──────── DATASET RECORDS ────────

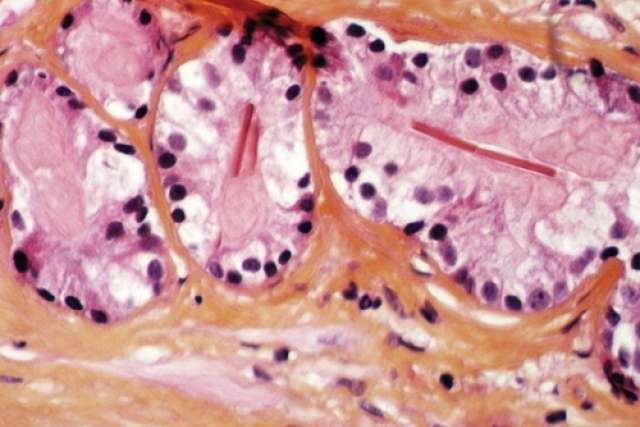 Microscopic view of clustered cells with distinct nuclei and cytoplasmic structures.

────────
──────── DATASET RECORDS ────────

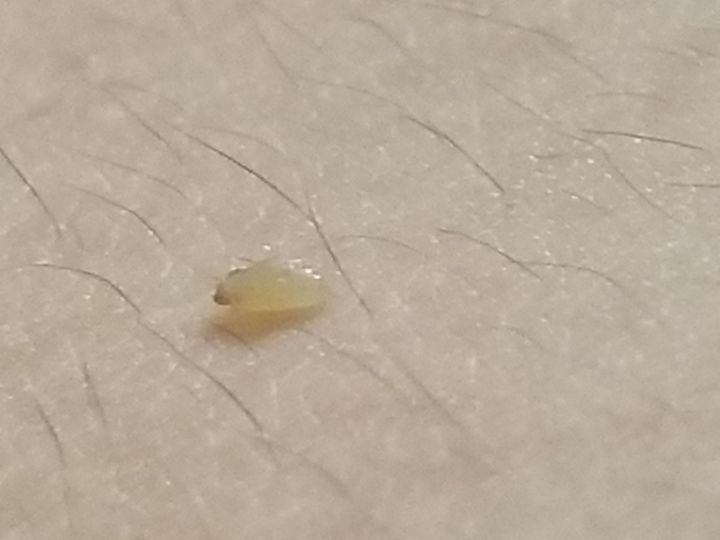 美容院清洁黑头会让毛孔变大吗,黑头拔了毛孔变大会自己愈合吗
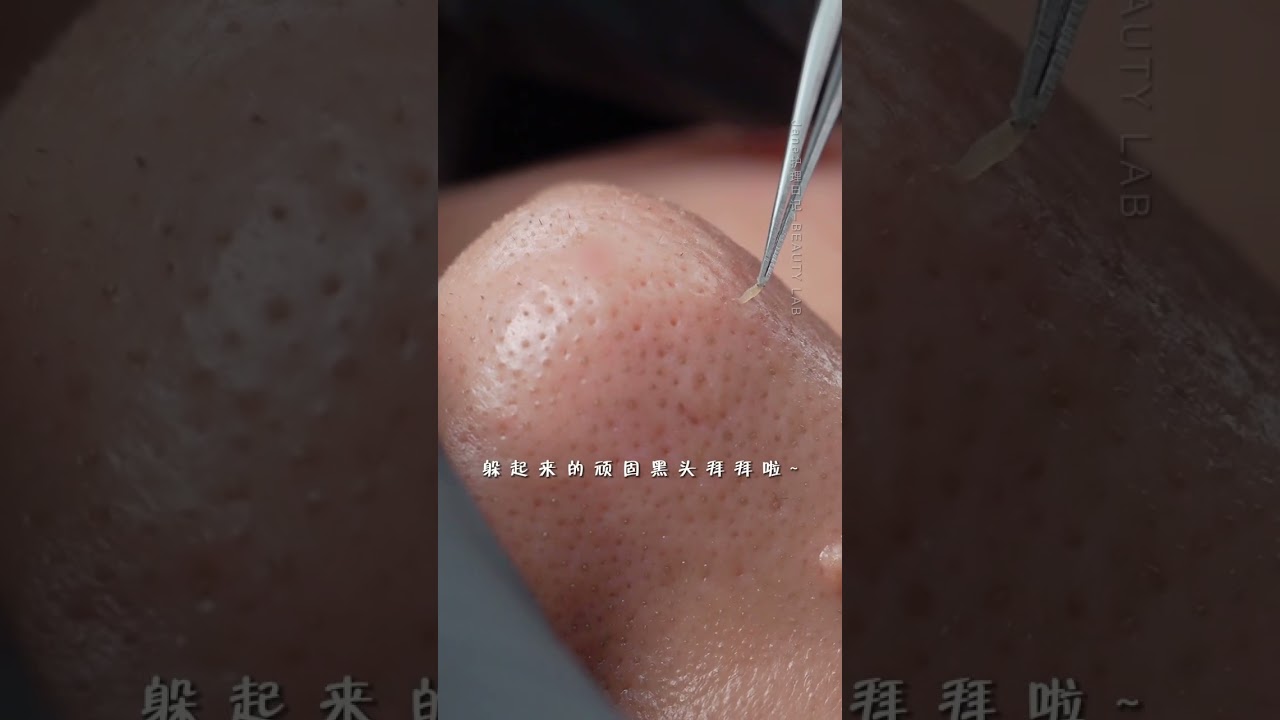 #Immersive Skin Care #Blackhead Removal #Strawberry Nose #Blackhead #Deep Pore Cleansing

────────

### WORK ITEM
Each line between the one holding "美容院清洁黑头会让毛孔变大吗,黑头拔了毛孔变大会自己愈合吗" and the one holding "#Immersive Skin Care", inclusive, should be copied exactly as it appears above, and pictures should be omitted.

### WRITTEN REPLY
 美容院清洁黑头会让毛孔变大吗,黑头拔了毛孔变大会自己愈合吗
 #Immersive Skin Care #Blackhead Removal #Strawberry Nose #Blackhead #Deep Pore Cleansing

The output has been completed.